Cooper finally looked at me. “No, Casey, I am not in love with you. I love you dearly as a friend, but that’s it. Maybe I once thought…”

″Really?” My voice softened with amazement. “Why didn’t you ever tell me?”

″It was obvious the interest was only one-sided.”

“But you still should have said something. When was this? You should have told me! I could have…” I trailed off. Could I have developed feelings for Cooper? It was always the friendship that attracted me to him, not anything physical. I’d always thought he was very attractive, but for me, the magical chemistry was never there, not like it had been with J.B. If Morgan were right and Cooper had been in love with me, it had probably been when I first met J.B. when I was obviously interested in him. Poor Cooper.

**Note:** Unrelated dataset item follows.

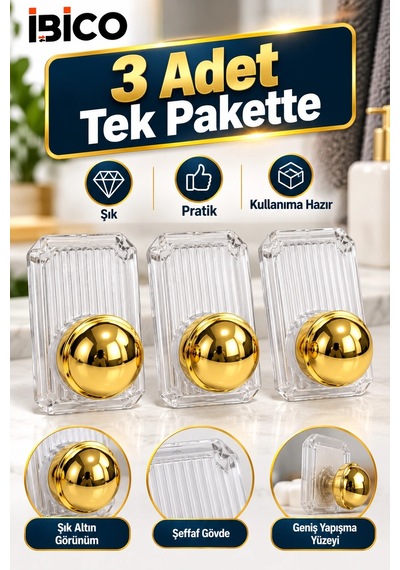 İbico 3'lü Yapışkanlı Altın Askı Seti Vidasız Montaj Güçlü Yapışkanlı Duvar Banyo Mutfak Kapı Askısı Çok Renkli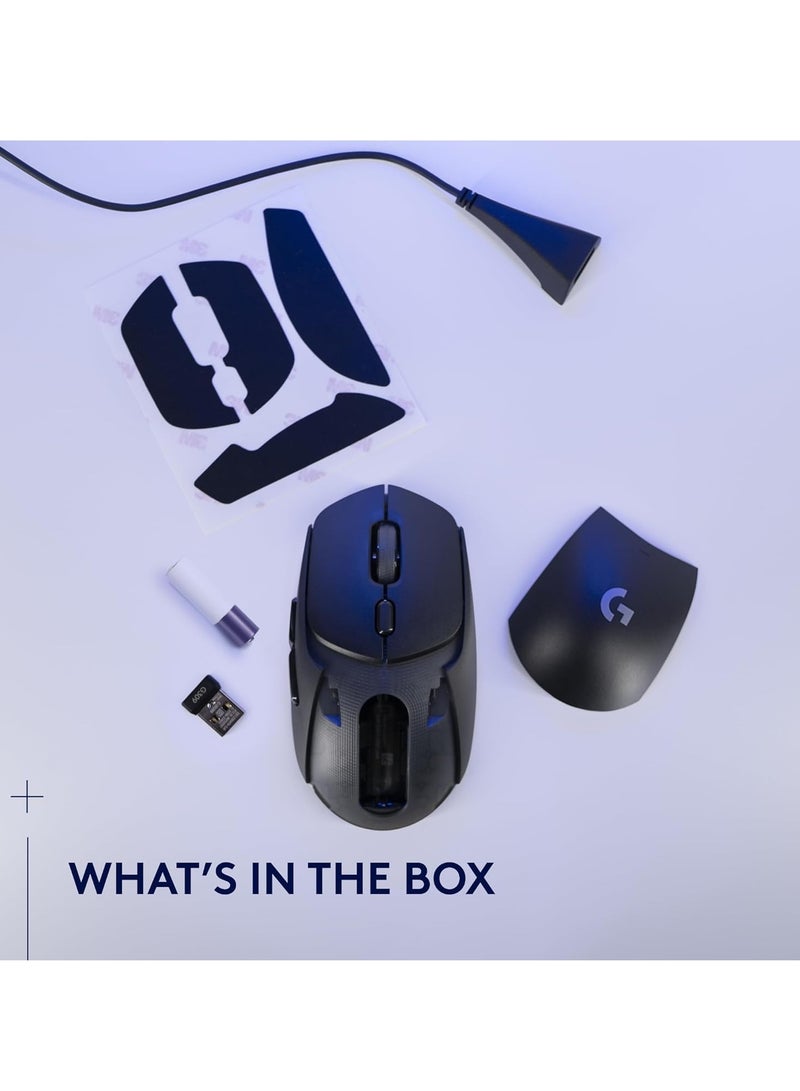 لوجيتيك - G309 LIGHTSPEED Wireless/Bluetooth Gaming Mouse, Lightweight, LIGHTFORCE Hybrid Switches, HERO 25K Sensor, 86g & 300+ hr battery life with AA battery, 6 Programmable Buttons, PC & Mac - Black - Image 1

″You could have fallen for me,” Cooper finished my sentence. “Sorry, but I wasn’t about to take that chance. Either it was there, or it wasn’t. It was for me—at one time. Not now,” he assured me. “But it wasn’t for you. I’m okay with how things turned out.”

″Because you have Emma,” I said uncertainly.

″Even if I didn’t, I would have gotten over you. Just because you want to keep your past loves dangling doesn’t mean I do. It was bad enough with you hanging around all the time, insisting that I feed you.”

″That’s so mean,” I gasped, when his wide grin told me he was teasing.

″Besides,” he began with another wicked grin, “who knows what would have happened with us? You might have turned me gay, too.”

With an enormous shove, I pushed him off the bed. He was still laughing as he hit the floor.